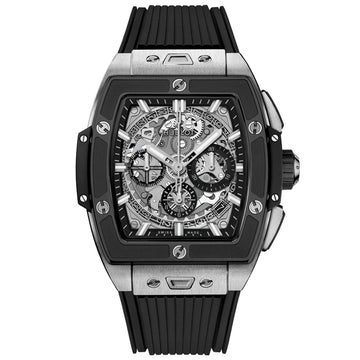 HUBLOT BIG BANG 642.NM.0170.RX Watch for Men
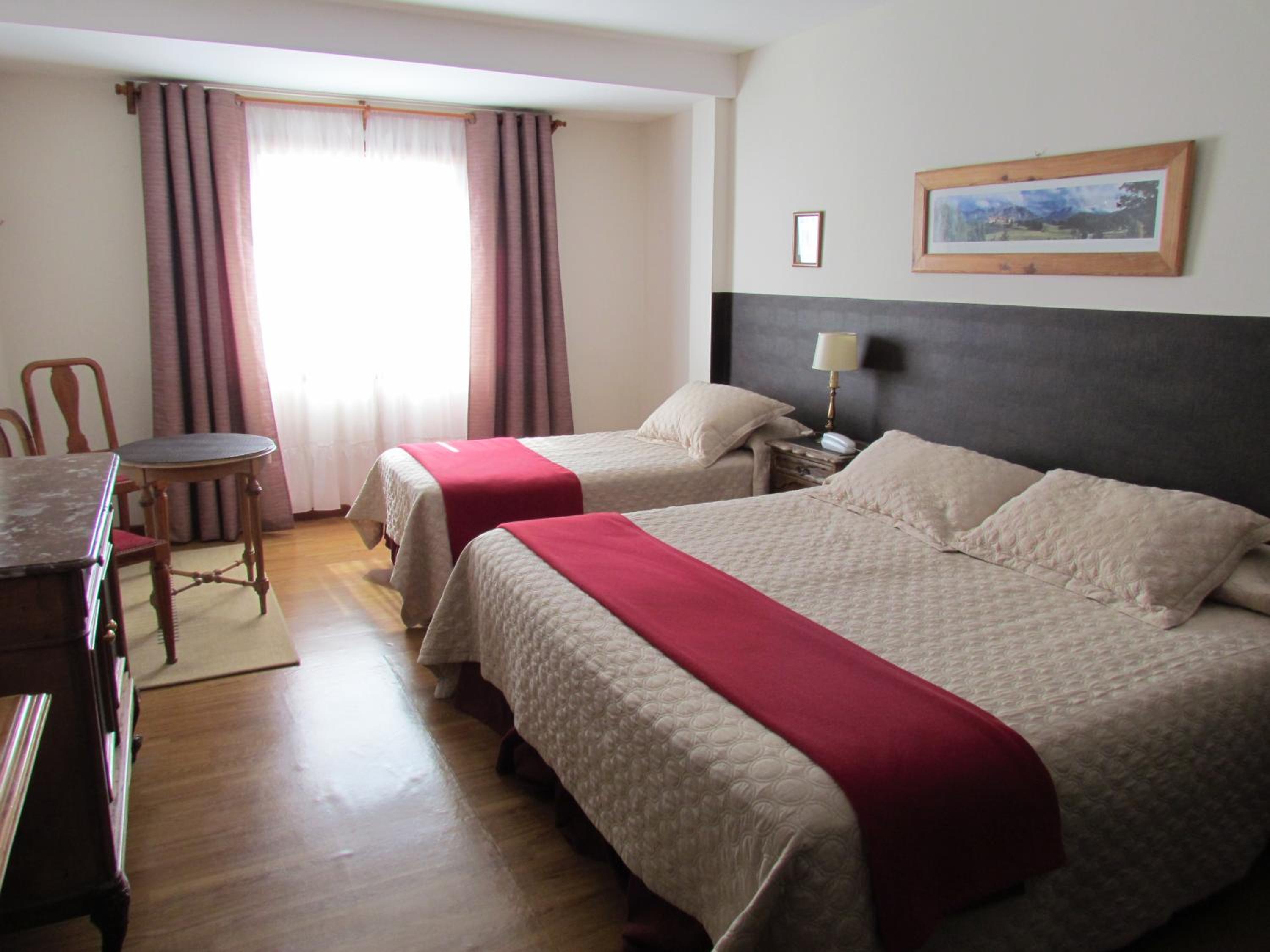 Superior Triple Room photo 1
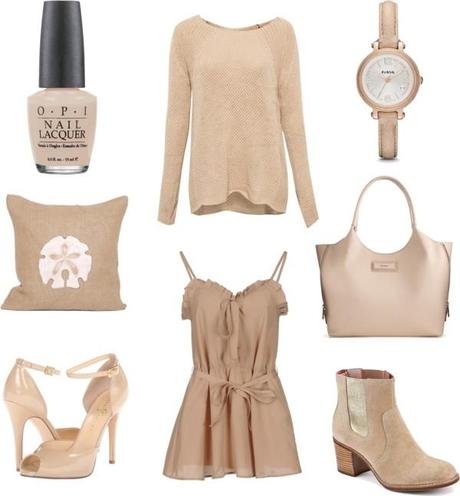 Fashion Trends: Pantone Spring 2014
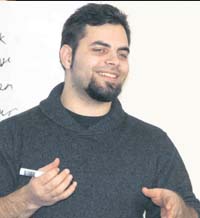 Няма по-добър учител от правенето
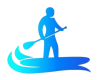 Enjoy the freedom of the water with surfing, paddle boarding and kayaking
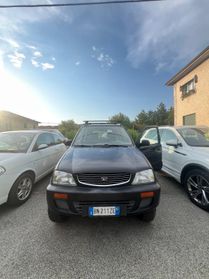 Daihatsu Terios 1.3i 16V cat 4WD DB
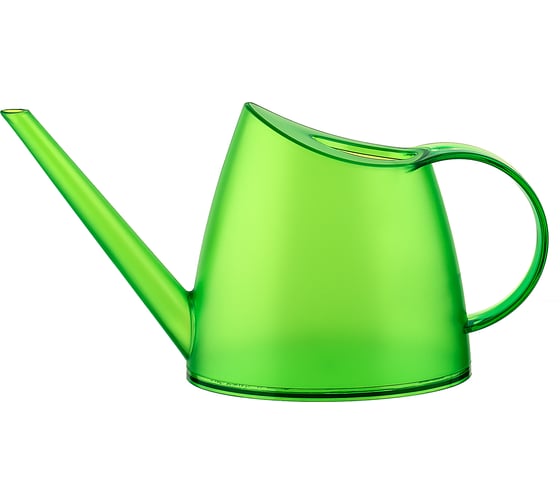 Изображение товара Лейка Amigo Grande зеленое яблоко 1,4 л 79016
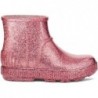 UGG Drizlita Glitzer-Gummistiefel für Kinder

* _PROBLEM_
Skip every picture. Repeat word for word the lines from the line holding "Superior Triple Room photo 1" through the end of the entries above.

* _SOLVED EXERCISE_
 Superior Triple Room photo 1
 Fashion Trends: Pantone Spring 2014
 Няма по-добър учител от правенето
 Enjoy the freedom of the water with surfing, paddle boarding and kayaking
 Daihatsu Terios 1.3i 16V cat 4WD DB
 Изображение товара Лейка Amigo Grande зеленое яблоко 1,4 л 79016
 UGG Drizlita Glitzer-Gummistiefel für Kinder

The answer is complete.